Generation Y
Editor’s note: Josh Brown’s August column on Generation Y has generated a healthy amount of responses. Here’s a sampling. We’ll share more next month.Josh: Since you are Generation Y, I didn’t know if I should email or call you. First off, I loved your article. We recruit for the kitchen and bath industry on the decorative side. This article hit home for us in so many areas.
Lynn Kirchgatter, Owner
Keercutter & Associates
Saint Ansgar, Iowa
Working directly with ASA’s Young Executives Division, I was very interested to read Joshua Brown’s column, “Understanding the Future,” in the August 2012 issue of Supply House Times. I found several of his observations rather disconcerting, i.e. the inability of Generation Y’ers to make a professional phone call as well as their preference to deal with conflict via email/text. Further, it would seem to me that the use of technology, at one time or another, as a scapegoat for not addressing or resolving conflict has become more commonplace. It pains me to think whether this behavior will become more pervasive – even acceptable – as we move toward the future. Ours, like so many others, continues to be a relationship-based industry. After reading Joshua’s column, I am left wondering if many of these valuable industry relationships are in jeopardy of being lost from one generation to the next.
More specifically, I am left with the question as to why an employer would want to hire someone from Generation Y over someone from Generation X. Joshua makes the points that Gen Y’ers not only lack grammar skills and professionalism but also are highly susceptible to making mistakes because of doing things too quickly. Perhaps their multitasking actually does more to hinder productivity if they are prone to doing too many things too quickly. Can Gen Y’ers truly handle more than one task at a time? Why does it fall to employers to teach, rather than to reinforce and cultivate these skills for the first time? Does it not fall upon our education system to retool to respond and prepare one generation after the next to enter the workforce and be more productive members of society? There is a lot to be said for instilling professionalism in the future generations of the workforce.

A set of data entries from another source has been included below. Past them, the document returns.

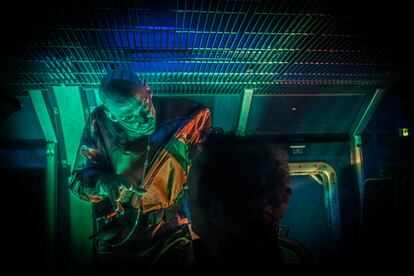 Landscape picture – Alien actor mind controlling human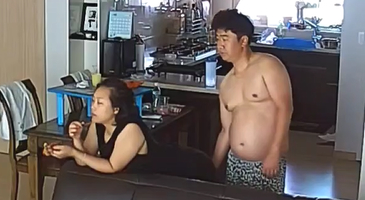 한국야동_(한국야동) 남편이 박던가 말던가 무신경하게 대주는 마누라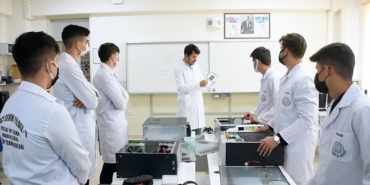 thumbs_b_c_c4ab7806c7f2db9aa46b5d87ae9439ba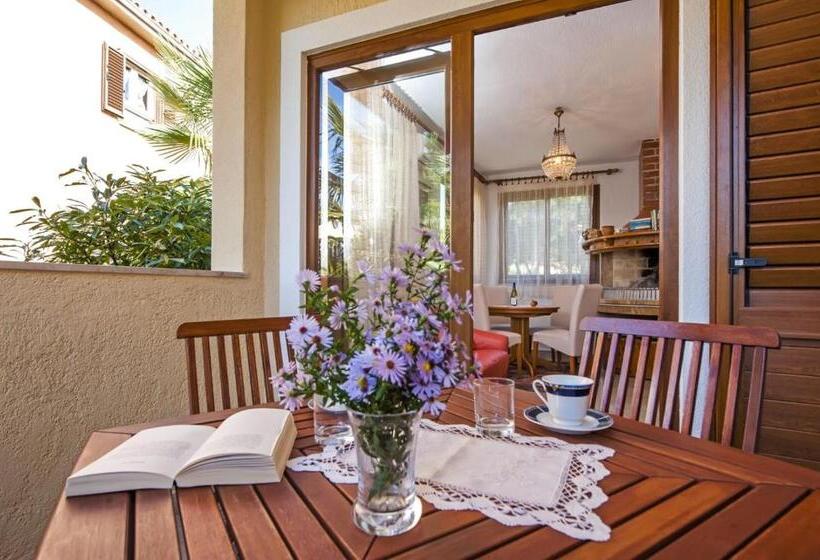 آپارتمان 1 خوابه, Apartments Pino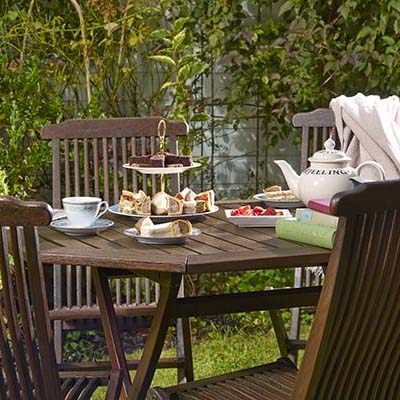 Transform your old garden furniture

An appreciation for working hard and working smart as well as for the art of person-to-person and face-to-face communication goes a long way to resolving conflict and strengthening partnerships more efficiently. I think it is incumbent upon employers to further instill (rather than be the first to instill) these characteristics in their valued employees who will ultimately carry the batons that are their businesses for another generation. The networking opportunities that different associations and industry groups provide nationally and locally are tremendous tools at everyone’s disposal, and the appropriate use of technology can be very effective in helping to maintain and cultivate genuine relationships.
Chris Murin
Executive Director – American Supply Association
Itasca, Ill.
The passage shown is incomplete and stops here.